[Foundation-l] Licenses' biodiversity : my big disagreement with the Wikimedia usability initiative's software specifications

Teofilo teofilowiki at gmail.com
Sat Feb 19 10:41:40 UTC 2011


2011/2/18 David Gerard <dgerard at gmail.com>:
> On 18 February 2011 13:41, Teofilo <teofilowiki at gmail.com> wrote:
>
>> Having a choice of possible licenses is a richness. Because specific
>> licenses might be more suitable to some specific needs than other
>> licenses. Because they don't offer the same sort of protection in a
>> variety of circumstances. Destroying licenses looks as bad as
>> destroying biological species. Biodiversity is needed.
>
>
> No, I think you're dead wrong there. Gratuitous licence proliferation
> is bad because it reduces interoperability and hence reusability. This
> has been observed repeatedly in the world of open source software; for
> you to claim that a proliferation of incompatible licences is a good
> thing in the world of free content, you would need to supply more than
> the mere assertions you provide here.
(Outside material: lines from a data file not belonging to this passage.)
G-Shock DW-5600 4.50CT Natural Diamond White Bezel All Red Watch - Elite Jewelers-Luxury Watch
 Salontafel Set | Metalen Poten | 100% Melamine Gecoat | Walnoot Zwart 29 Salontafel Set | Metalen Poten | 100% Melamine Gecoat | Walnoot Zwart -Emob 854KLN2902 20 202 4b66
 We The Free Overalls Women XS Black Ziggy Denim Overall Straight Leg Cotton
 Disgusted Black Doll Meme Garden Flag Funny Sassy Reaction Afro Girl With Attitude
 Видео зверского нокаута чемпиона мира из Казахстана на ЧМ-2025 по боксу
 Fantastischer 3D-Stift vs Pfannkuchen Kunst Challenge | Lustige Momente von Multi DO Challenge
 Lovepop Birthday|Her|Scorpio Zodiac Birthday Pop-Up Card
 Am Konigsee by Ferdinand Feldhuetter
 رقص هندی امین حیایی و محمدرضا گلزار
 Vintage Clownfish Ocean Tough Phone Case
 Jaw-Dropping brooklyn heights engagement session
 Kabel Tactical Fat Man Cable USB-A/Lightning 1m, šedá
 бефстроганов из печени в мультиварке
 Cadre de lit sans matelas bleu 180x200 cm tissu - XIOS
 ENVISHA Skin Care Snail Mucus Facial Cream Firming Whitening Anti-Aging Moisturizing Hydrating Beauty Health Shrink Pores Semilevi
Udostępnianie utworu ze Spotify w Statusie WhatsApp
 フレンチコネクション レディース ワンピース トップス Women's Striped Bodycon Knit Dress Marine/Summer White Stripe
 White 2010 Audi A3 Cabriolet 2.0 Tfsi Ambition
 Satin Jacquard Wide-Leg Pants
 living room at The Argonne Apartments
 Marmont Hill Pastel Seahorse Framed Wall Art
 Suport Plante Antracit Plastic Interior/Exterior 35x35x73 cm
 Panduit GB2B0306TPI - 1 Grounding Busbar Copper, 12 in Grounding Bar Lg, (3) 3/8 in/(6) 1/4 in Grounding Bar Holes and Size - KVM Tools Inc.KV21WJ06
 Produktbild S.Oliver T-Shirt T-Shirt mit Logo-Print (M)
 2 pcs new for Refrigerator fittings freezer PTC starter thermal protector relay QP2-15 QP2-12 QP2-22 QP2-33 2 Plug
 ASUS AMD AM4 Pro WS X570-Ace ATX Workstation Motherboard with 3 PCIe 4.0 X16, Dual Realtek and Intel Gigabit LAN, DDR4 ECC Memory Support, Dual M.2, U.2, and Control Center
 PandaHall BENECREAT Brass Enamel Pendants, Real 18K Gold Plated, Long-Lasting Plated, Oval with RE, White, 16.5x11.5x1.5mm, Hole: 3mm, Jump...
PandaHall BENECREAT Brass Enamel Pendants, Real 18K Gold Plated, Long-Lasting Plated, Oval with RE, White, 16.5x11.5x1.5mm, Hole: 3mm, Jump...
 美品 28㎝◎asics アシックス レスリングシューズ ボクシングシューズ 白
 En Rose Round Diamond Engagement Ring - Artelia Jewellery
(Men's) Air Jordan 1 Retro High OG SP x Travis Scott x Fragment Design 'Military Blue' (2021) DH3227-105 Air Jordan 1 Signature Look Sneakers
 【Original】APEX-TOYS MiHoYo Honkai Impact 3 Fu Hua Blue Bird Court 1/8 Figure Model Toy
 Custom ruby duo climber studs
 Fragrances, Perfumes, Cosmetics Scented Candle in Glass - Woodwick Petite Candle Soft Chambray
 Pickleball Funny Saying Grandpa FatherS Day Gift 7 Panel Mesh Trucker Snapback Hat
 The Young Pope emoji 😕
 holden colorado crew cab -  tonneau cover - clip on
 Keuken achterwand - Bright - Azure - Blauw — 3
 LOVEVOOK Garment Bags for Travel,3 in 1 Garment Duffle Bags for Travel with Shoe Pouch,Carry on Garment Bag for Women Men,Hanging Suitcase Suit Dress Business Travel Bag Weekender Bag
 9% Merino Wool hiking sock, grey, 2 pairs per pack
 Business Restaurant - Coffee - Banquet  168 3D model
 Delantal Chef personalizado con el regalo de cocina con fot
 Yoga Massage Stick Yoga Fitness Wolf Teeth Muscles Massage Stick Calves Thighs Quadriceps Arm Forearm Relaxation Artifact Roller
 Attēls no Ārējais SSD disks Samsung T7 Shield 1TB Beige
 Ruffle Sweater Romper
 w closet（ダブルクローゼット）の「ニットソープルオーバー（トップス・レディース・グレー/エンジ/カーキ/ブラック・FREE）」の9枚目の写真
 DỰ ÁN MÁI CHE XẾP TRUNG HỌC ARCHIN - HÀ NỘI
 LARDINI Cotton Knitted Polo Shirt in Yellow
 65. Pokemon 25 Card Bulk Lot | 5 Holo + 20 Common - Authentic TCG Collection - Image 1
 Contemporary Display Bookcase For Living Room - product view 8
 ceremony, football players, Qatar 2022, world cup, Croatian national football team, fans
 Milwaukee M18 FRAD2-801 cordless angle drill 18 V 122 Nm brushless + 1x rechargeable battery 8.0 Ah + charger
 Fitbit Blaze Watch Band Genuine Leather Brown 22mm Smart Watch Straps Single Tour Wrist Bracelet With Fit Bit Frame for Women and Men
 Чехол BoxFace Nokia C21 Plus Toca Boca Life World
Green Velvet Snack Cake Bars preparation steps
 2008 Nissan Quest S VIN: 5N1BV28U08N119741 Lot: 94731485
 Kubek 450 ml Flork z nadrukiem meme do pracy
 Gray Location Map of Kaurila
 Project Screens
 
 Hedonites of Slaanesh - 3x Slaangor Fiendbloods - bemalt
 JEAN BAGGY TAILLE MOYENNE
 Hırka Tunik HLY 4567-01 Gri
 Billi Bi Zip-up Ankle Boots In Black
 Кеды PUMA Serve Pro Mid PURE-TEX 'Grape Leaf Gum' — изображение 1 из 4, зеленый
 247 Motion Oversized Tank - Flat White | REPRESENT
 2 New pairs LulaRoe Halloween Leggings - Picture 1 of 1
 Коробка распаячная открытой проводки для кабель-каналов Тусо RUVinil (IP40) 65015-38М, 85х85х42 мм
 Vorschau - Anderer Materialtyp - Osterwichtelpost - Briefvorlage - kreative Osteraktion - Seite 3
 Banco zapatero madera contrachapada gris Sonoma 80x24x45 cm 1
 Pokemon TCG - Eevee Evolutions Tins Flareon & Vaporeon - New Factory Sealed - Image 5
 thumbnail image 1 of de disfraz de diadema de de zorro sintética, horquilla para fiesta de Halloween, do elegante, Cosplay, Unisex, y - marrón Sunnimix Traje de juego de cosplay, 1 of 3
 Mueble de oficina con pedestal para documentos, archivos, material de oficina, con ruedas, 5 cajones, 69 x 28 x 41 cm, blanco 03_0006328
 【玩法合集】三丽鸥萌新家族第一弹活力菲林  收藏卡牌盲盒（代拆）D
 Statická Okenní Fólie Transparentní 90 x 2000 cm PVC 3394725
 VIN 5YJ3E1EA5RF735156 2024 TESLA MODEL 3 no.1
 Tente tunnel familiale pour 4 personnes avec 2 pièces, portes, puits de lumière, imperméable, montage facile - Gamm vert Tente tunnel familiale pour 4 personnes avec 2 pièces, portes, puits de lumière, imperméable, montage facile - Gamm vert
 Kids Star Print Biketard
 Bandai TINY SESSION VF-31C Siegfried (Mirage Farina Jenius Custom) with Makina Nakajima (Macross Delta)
Anything more than a continuum
> of PD <-> CC-by (equiv) <-> CC-by-sa needs *very good* justification.
> Steering people to one of those three by preferences is absolutely the
> right thing to do as it maximises reusability.

Maximising reusability is not the same as maximising usability.

If you open your eyes a little bit, you'll see that Creative Commons
licenses are not the absolute legal chef d'œuvres people would like to
believe they are. There are some good things in them, but they have
some weaknesses.

They are not even... free per the definition of Free works at
http://freedomdefined.org/Definition/1.0 because they don't contain
any open source requirement ("Availability of source data"). This is
different from the GFDL which, more fortunately contains the
"transparent copies" requirement. You don't find any "transparent
copies" requirement in Creative Commons licenses.